Distribution of risk ratings 

  • As lockdowns eased following the pandemic, risk levels tempered significantly in 2021, resulting in 25.8% of industries rated as medium-high or greater risk. 
  • Rising inflation and supply chain bottlenecks drove up risk levels in 2022, with 38.4% of industries rated as medium-high or greater risk. 
  • Risk levels have worsened in 2023 amid ongoing inflation concerns and interest rate hikes. Consequently, 53.1% of industries are rated as medium-high or greater risk in 2023. 
  • However, with interest rate hikes slowing and potential rate cuts in the outlook, risk levels are expected to ease slightly in 2024, with 44.9% of industries rated as medium-high or greater risk. 

Sector highlights 

  • MiningWith the growing popularity of sustainable energy alternatives like solar and wind, the changing market dynamics for energy will continue to cut into coal, oil and natural gas demand.
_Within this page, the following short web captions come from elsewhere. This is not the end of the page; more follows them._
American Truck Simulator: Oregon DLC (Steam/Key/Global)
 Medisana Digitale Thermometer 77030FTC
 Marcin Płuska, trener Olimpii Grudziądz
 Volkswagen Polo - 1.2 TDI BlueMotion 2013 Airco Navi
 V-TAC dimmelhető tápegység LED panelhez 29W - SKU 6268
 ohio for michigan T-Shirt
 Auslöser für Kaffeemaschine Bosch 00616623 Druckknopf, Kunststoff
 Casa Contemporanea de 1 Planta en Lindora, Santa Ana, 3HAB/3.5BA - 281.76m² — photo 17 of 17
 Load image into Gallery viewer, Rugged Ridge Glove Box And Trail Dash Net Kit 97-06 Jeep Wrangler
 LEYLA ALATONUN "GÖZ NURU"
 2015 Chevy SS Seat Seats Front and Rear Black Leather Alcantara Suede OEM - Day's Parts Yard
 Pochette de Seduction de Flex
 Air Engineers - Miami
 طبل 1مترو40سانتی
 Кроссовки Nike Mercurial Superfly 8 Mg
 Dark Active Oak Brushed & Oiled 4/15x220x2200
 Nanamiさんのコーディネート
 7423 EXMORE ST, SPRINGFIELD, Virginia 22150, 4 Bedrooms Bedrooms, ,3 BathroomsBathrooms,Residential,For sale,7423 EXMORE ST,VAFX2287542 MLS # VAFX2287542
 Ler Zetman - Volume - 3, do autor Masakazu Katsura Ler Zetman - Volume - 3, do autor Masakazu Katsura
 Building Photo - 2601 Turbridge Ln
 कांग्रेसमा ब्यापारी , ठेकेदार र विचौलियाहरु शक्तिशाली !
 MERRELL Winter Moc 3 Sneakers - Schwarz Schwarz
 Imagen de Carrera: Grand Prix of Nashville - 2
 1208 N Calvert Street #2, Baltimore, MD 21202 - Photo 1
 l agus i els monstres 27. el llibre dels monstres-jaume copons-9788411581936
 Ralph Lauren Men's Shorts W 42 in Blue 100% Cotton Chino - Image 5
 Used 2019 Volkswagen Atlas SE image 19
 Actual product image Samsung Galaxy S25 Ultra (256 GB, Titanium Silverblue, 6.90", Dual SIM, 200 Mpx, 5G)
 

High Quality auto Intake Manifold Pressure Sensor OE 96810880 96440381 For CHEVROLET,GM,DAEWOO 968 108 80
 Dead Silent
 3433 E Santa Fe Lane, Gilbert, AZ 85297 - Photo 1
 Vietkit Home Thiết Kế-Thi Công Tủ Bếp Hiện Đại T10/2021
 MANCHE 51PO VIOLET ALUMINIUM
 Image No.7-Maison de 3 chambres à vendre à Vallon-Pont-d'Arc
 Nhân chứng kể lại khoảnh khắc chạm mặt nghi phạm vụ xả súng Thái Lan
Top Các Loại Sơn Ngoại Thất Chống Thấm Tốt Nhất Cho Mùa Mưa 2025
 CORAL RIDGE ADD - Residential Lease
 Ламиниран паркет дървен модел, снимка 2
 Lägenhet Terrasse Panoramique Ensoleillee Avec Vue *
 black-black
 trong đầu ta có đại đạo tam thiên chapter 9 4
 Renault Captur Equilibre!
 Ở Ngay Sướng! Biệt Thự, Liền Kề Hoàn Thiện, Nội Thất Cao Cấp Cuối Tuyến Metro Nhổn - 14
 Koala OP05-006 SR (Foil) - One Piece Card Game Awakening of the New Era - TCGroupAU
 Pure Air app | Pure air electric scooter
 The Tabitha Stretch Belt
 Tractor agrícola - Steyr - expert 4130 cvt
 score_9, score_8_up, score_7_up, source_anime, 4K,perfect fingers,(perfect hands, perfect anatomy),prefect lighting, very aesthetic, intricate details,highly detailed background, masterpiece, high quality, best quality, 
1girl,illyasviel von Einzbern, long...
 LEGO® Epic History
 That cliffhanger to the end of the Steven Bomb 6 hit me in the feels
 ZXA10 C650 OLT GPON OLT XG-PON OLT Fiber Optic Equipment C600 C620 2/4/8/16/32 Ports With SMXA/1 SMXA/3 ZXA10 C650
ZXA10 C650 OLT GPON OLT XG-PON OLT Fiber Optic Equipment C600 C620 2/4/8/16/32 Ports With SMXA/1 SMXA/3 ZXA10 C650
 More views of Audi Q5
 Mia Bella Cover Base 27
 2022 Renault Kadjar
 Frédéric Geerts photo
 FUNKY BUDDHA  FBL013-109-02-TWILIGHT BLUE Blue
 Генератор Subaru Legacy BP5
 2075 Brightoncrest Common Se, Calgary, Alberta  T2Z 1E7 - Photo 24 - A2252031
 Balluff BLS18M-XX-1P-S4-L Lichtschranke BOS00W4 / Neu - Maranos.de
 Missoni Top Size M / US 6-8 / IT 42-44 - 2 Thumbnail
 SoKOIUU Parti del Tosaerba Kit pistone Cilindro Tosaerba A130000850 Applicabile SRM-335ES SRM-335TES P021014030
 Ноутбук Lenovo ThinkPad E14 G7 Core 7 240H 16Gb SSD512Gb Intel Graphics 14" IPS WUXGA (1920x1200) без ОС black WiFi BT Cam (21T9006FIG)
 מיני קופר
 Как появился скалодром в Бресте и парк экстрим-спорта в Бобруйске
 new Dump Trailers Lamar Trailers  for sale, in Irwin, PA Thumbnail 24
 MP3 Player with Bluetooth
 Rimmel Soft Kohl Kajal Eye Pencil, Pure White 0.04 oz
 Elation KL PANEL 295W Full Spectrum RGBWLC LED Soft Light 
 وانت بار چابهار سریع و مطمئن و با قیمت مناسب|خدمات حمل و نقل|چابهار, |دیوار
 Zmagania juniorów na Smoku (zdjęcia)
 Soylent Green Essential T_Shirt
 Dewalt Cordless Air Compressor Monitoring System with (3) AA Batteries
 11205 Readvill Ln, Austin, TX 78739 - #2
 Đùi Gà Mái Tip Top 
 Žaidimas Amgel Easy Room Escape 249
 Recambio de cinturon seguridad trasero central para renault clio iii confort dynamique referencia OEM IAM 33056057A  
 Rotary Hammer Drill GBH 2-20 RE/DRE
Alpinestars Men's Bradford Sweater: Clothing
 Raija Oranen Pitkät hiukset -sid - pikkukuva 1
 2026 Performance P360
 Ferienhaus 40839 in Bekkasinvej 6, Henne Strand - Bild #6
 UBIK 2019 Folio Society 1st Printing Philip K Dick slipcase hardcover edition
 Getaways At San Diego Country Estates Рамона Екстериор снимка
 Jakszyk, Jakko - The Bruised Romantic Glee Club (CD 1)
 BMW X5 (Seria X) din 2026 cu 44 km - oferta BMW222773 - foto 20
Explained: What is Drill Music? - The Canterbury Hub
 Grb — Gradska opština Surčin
Government support for sustainable energy via tax credits and boosted funding for projects like charging stations will continue to prop up rival industries and encourage concurrent usage, further cutting into traditional energy sources. In turn, competitive pressures for the Oil Drilling & Gas Extraction and Coal Mining industries will continue to rise. 
  • Agriculture, Forestry, Fishing and HuntingEven as energy prices have started to ease, this sector has continued to contend with rising prices and borrowing costs for machinery and other vital inputs, further driving up prices for downstream buyers. On top of increasing costs, unfavorable weather conditions from droughts and flooding have damaged farming areas, limiting output and derailing volume sales as consumer prices rise further. As climate concerns intensify and input costs burden farmers, the Corn Farming and Chicken Egg Production industries are expected to be particularly threatened. 
  • Construction Climate concerns are set to pressure residential markets as flooding and wildfires drive up insurance rates for hardest-hit areas and discourage costly aesthetic projects. At the same time, rising interest rates and mortgage costs are set to continue to pressure key residential construction markets as borrowing costs remain high despite dissipating recessionary fears. As a result, spending on supplementary sectors will be curtailed as residential construction activity simmers, threatening the Fence Construction and Heating & Air-Conditioning Contractors industries.